Tiling a Rectangle with the Fewest Squares (LeetCode #1240) can be solved using Brute Force or Optimal Solution. The optimal approach is Optimal Solution with O(n * m * min(n, m)) time complexity and O(n * m) space complexity. Key insight: Understanding how to break down the rectangle into smaller squares is crucial.

What is the brute force solution for Tiling a Rectangle with the Fewest Squares?

The brute force approach for Tiling a Rectangle with the Fewest Squares is Brute Force, with O(n²) time complexity and O(1) space complexity. The brute-force approach tries all possible placements of squares in the rectangle, counting how many squares are needed to fill the area. This method is straightforward but can be inefficient as it explores many unnecessary configurations. The optimal Optimal Solution approach improves this to O(n * m * min(n, m)).

What algorithm or data structure is used to solve Tiling a Rectangle with the Fewest Squares?

Tiling a Rectangle with the Fewest Squares uses the following concepts: Backtracking. The recommended patterns to study are: Dynamic Programming, Backtracking.

What are the interview tips for Tiling a Rectangle with the Fewest Squares?

Explain your thought process clearly; interviewers appreciate understanding your approach. Don’t hesitate to ask clarifying questions about the problem constraints. Practice coding the solution on a whiteboard or in a shared document to simulate the interview environment.

What are common mistakes when solving Tiling a Rectangle with the Fewest Squares?

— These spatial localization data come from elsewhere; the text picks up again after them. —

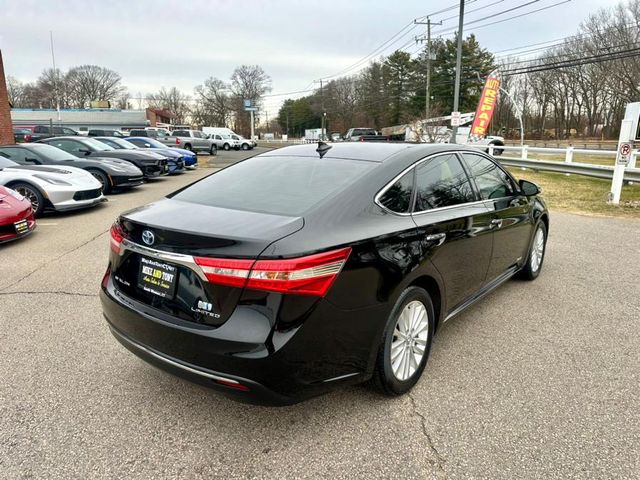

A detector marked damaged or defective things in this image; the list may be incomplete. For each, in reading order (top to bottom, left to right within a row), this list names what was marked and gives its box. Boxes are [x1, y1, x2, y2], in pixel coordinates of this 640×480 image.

cracked pavement [1, 149, 640, 476]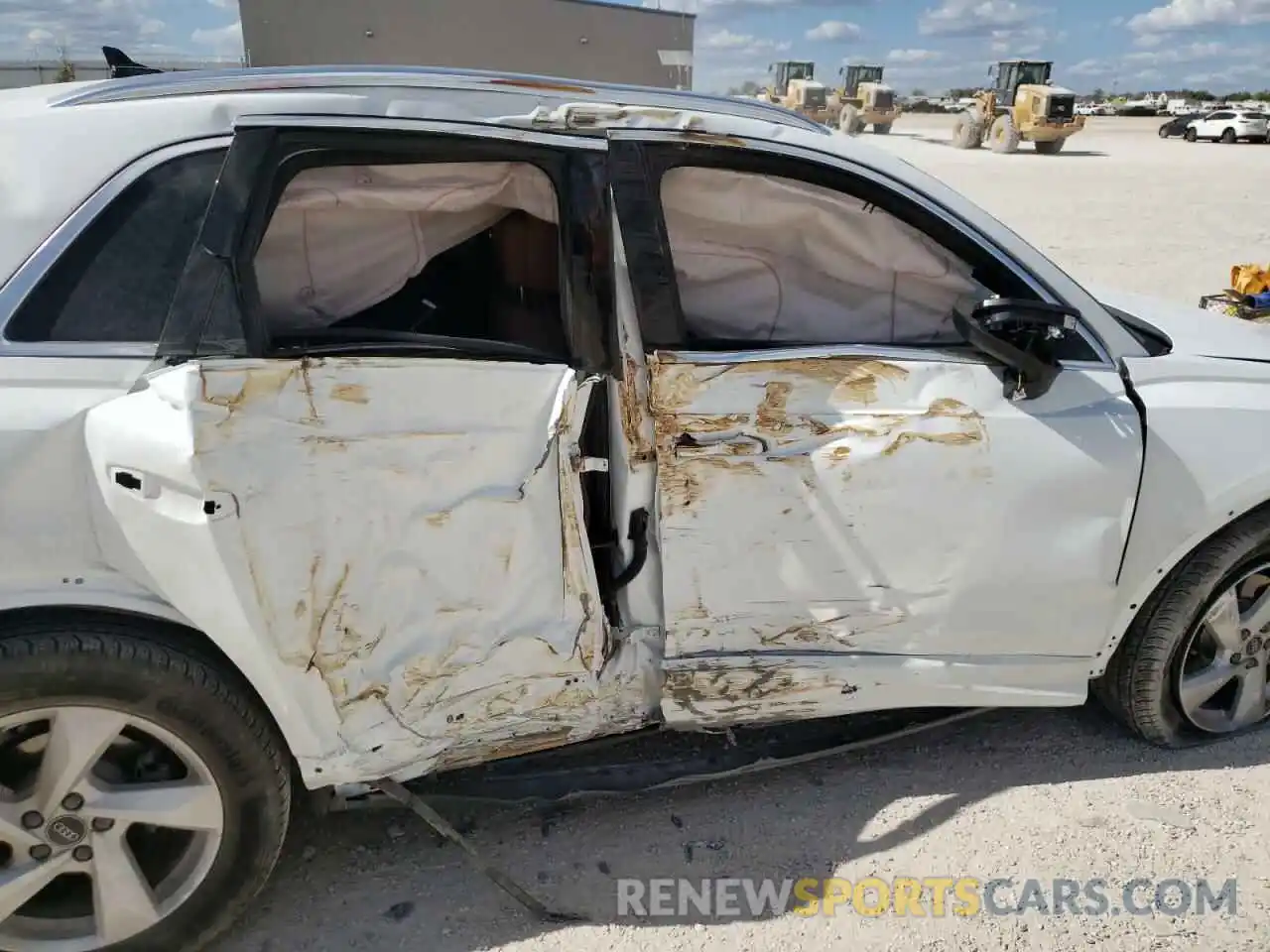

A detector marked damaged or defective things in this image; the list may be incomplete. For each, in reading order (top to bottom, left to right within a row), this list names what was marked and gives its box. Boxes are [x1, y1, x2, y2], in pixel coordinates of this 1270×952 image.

crushed car door [76, 121, 635, 781]
crushed car door [611, 134, 1143, 730]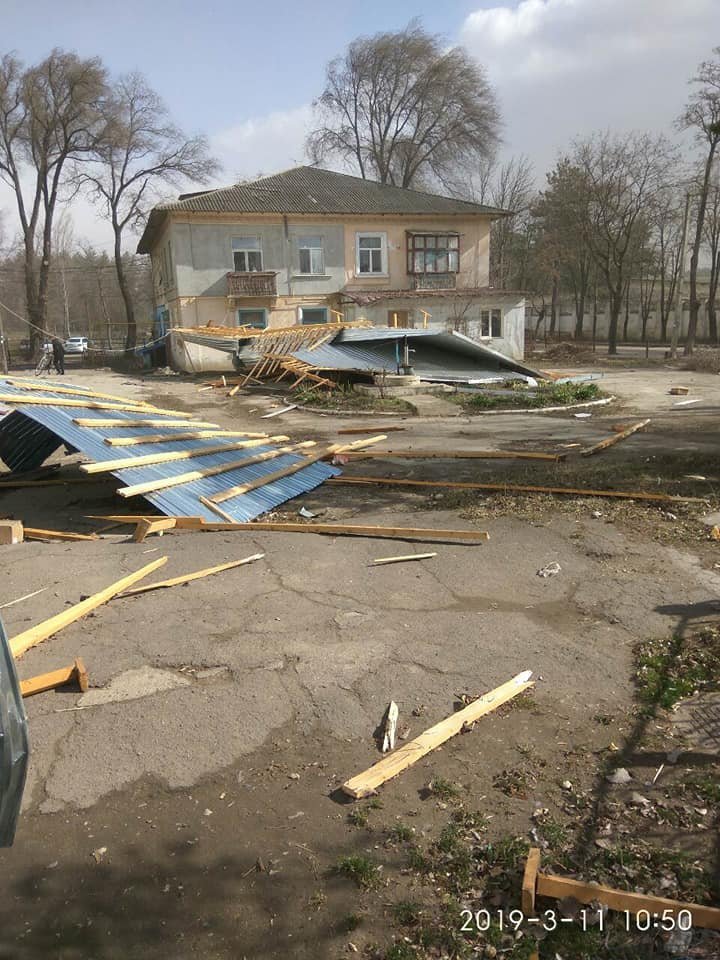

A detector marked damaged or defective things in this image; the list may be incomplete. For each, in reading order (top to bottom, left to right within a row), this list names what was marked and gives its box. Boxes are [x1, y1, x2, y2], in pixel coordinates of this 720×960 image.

broken lumber [0, 394, 194, 416]
broken lumber [580, 416, 652, 458]
broken lumber [79, 438, 282, 476]
broken lumber [115, 440, 310, 498]
broken lumber [208, 436, 388, 510]
broken lumber [330, 476, 704, 506]
broken lumber [23, 524, 98, 540]
broken lumber [132, 516, 177, 540]
broken lumber [195, 516, 490, 540]
broken lumber [116, 556, 266, 592]
broken lumber [9, 556, 167, 660]
broken lumber [19, 660, 88, 696]
cracked asphalt ground [1, 364, 720, 956]
broken lumber [344, 668, 536, 796]
broken lumber [524, 848, 720, 928]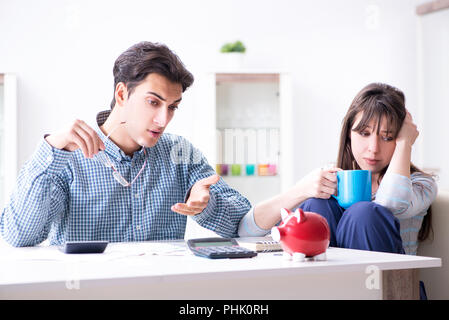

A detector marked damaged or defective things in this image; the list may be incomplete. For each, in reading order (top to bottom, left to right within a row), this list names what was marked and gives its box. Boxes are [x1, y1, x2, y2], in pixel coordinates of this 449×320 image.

broken piggy bank [270, 208, 328, 262]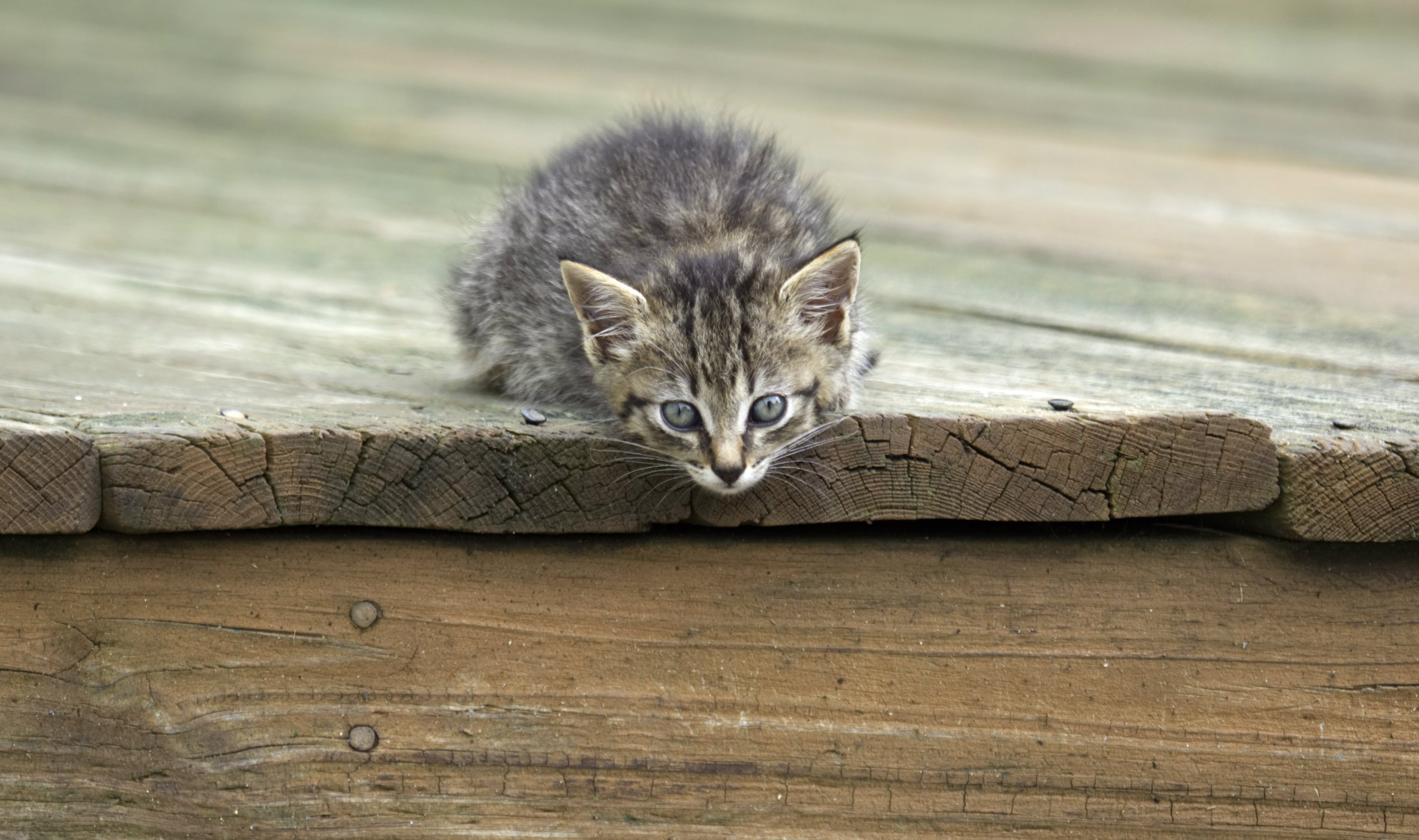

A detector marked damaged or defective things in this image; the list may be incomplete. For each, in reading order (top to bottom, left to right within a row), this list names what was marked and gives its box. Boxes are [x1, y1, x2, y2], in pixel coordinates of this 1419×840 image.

splintered wood edge [0, 417, 101, 531]
splintered wood edge [1232, 437, 1419, 542]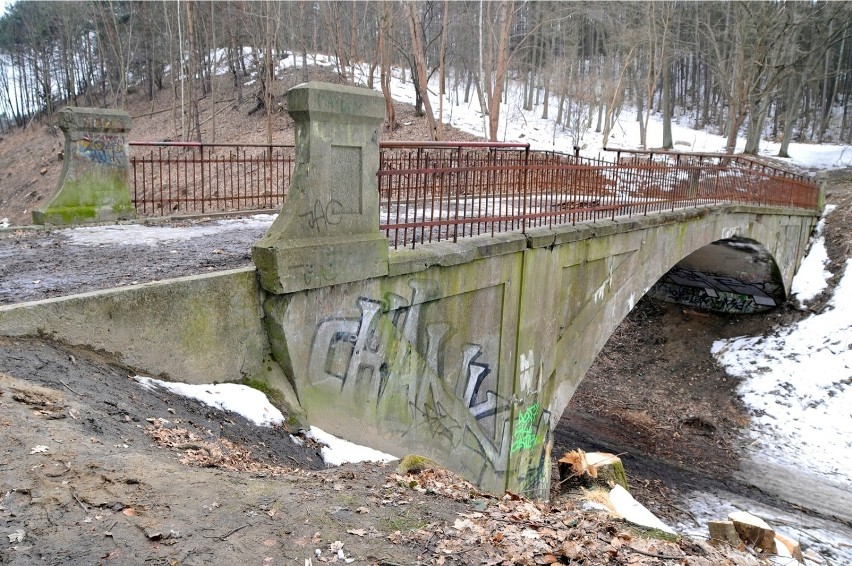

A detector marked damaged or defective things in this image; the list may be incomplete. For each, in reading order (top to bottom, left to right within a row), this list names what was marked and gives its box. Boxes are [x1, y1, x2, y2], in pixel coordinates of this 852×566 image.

rusty metal railing [130, 142, 294, 217]
rusty metal railing [128, 141, 820, 250]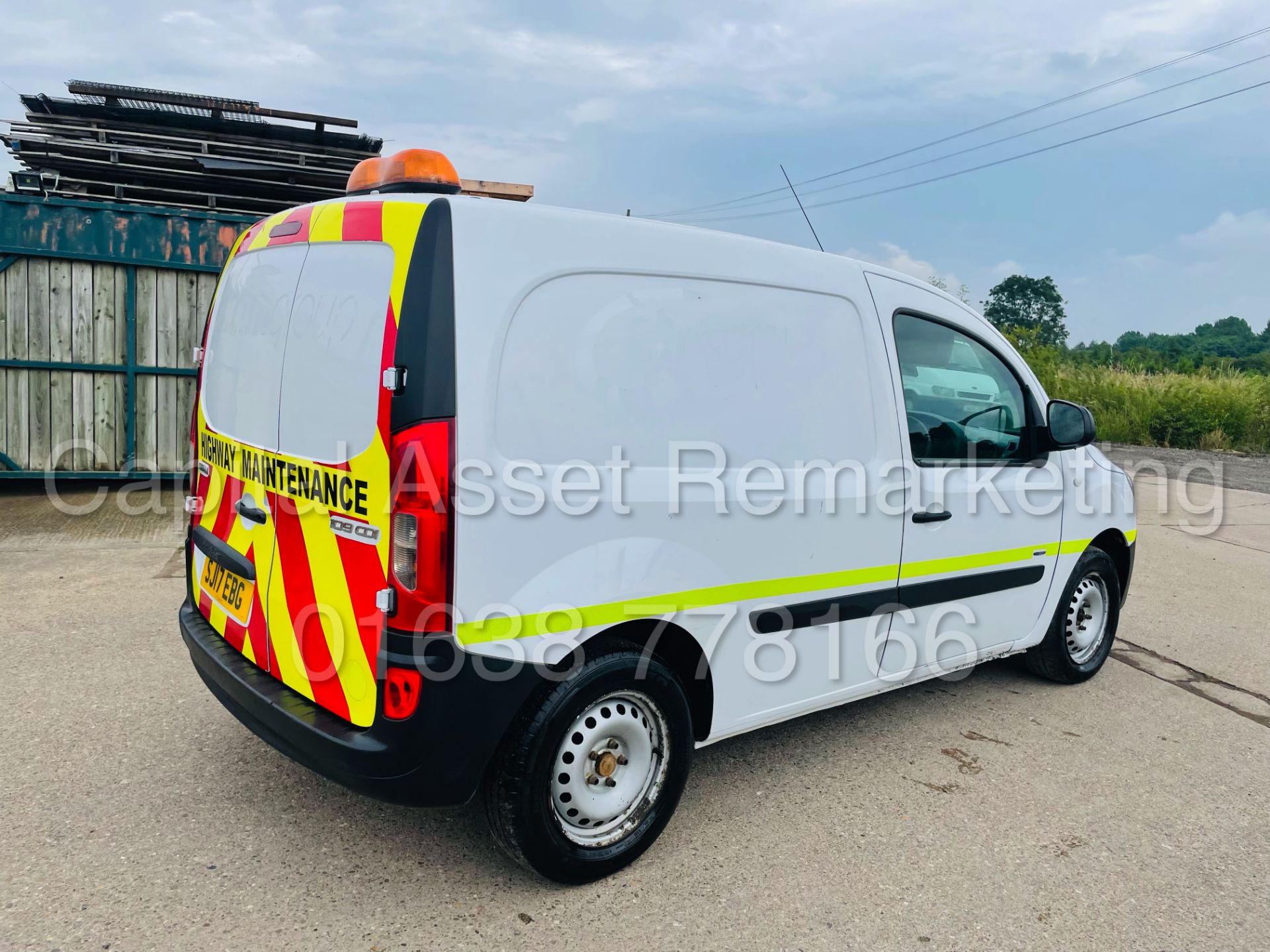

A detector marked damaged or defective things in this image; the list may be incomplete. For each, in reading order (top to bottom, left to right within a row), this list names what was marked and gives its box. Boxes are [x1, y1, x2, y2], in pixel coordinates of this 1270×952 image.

rusty metal panel [0, 191, 255, 271]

Not considering the base cases correctly, especially when n equals m. Failing to optimize recursive calls leading to excessive time complexity.

#1240

Tiling a Rectangle with the Fewest Squares

Hard

BacktrackingDynamic ProgrammingBacktracking

LeetCode ↗

Approaches

Brute ForceOptimal

Complexity Comparison

	Brute Force	Optimal Solution★
Time	O(n²)	O(n * m * min(n, m))
Space	O(1)	O(n * m)

💡

Intuition

Time O(n * m * min(n, m))Space O(n * m)

The optimal solution uses dynamic programming to store the minimum number of squares needed for each sub-rectangle. This avoids redundant calculations and significantly speeds up the process.

⚙️

Algorithm

4 steps

1Step 1: Create a DP array where dp[i][j] represents the minimum number of squares needed for a rectangle of size i x j.
2Step 2: Initialize dp[i][i] = 1 for all i, as a square can fill a square rectangle.
3Step 3: For each rectangle size, iterate through all possible square placements, updating the DP array with the minimum count found.
4Step 4: Return dp[n][m] as the result.

solution.py10 lines

1def minSquares(n, m):
2    dp = [[float('inf')] * (m + 1) for _ in range(n + 1)]
3    for i in range(1, n + 1):
4        for j in range(1, m + 1):
5            if i == j:
6                dp[i][j] = 1
7            else:
8                for k in range(1, min(i, j) + 1):
9                    dp[i][j] = min(dp[i][j], 1 + dp[i - k][j], 1 + dp[i][j - k])
10    return dp[n][m]

ℹ

Complexity note: The time complexity is O(n * m * min(n, m)) because we fill a DP table of size n x m, and for each cell, we may iterate through the minimum dimension to find the best square placement.

1Understanding how to break down the rectangle into smaller squares is crucial.
2Dynamic programming helps avoid redundant calculations and speeds up the solution.

Solutions and explanations are original Tejav content. Problem titles © LeetCode — use the LeetCode button above for the full problem statement.